Zhang’s work saw her become the first Chinese scientist to win the American Chemical Society’s Anselme Payen award in 2011, leading to international recognition and expansion of her team, which now includes 50 doctoral graduate students and three postdoctoral fellows from China and France.
Still, Zhang is not finished, and has turned her attention to the ocean. ‘The oceans’ inhabitants comprise 80% of living species on Earth,’ she explains. ‘Marine life has higher bioactivity and more functions compared with organisms on land, but are less explored and investigated.’ Zhang’s aim is to create renewable resources that will never be exhausted, are environmentally friendly and can biodegrade at above 25°C in soil – avoiding the ‘white pollution’ caused by plastics.
Looking to the future
Yet while Zhang’s work is focused on the future, she is also delighted by the progress the scientific community has made during her career, both in China and globally. ‘Science education has begun emphasising more on cultivating an innovative consciousness and the hands-on abilities of students compared with when I was in school,’ she says. ‘I was only learning the background knowledge and following the tracks of previous scientific research. Nowadays, China’s science education and science research have made big jumps in progress.’
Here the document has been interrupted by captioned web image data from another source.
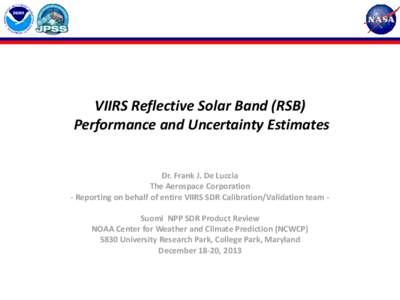 VIIRS Reflective Solar Band (RSB) Performance and Uncertainty Estimates Dr. Frank J. De Luccia The Aerospace Corporation - Reporting on behalf of entire VIIRS SDR Calibration/Validation team Suomi NPP SDR Product Review 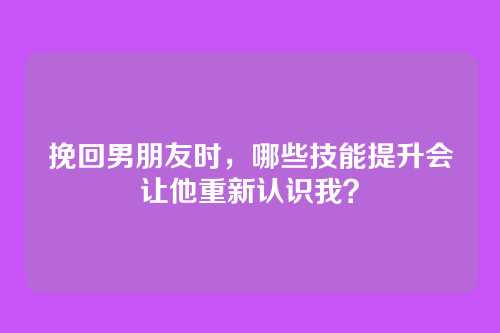 挽回男朋友时，哪些技能提升会让他重新认识我？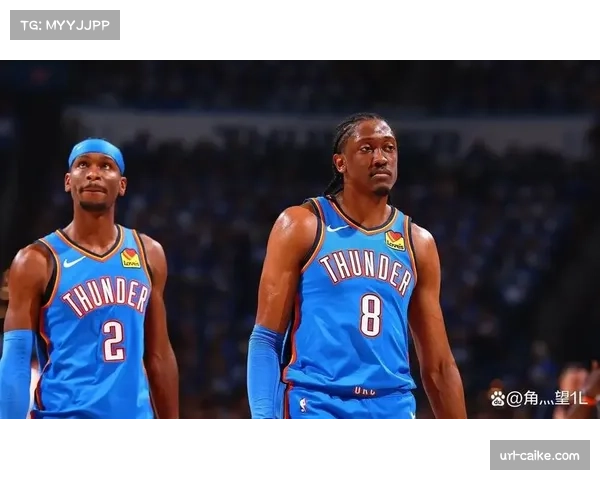 雷霆亚历山大一周后复查，杰伦·威廉姆斯还需休战至少两周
This next generation fills Zhang with hope that science can solve the problems of moving to renewable resources. ‘Young scientists have mastered the latest scientific techniques, have access to the best technical knowledge and are full of energy,’ she says. ‘They are a new force, with plenty of potential. But there are no shortcuts in scientific studies – only those who brave great ordeals and endure heavy toils can make major breakthroughs. My advice to young scientists is to love science and be prepared to sacrifice in order to make the next big innovative contribution.’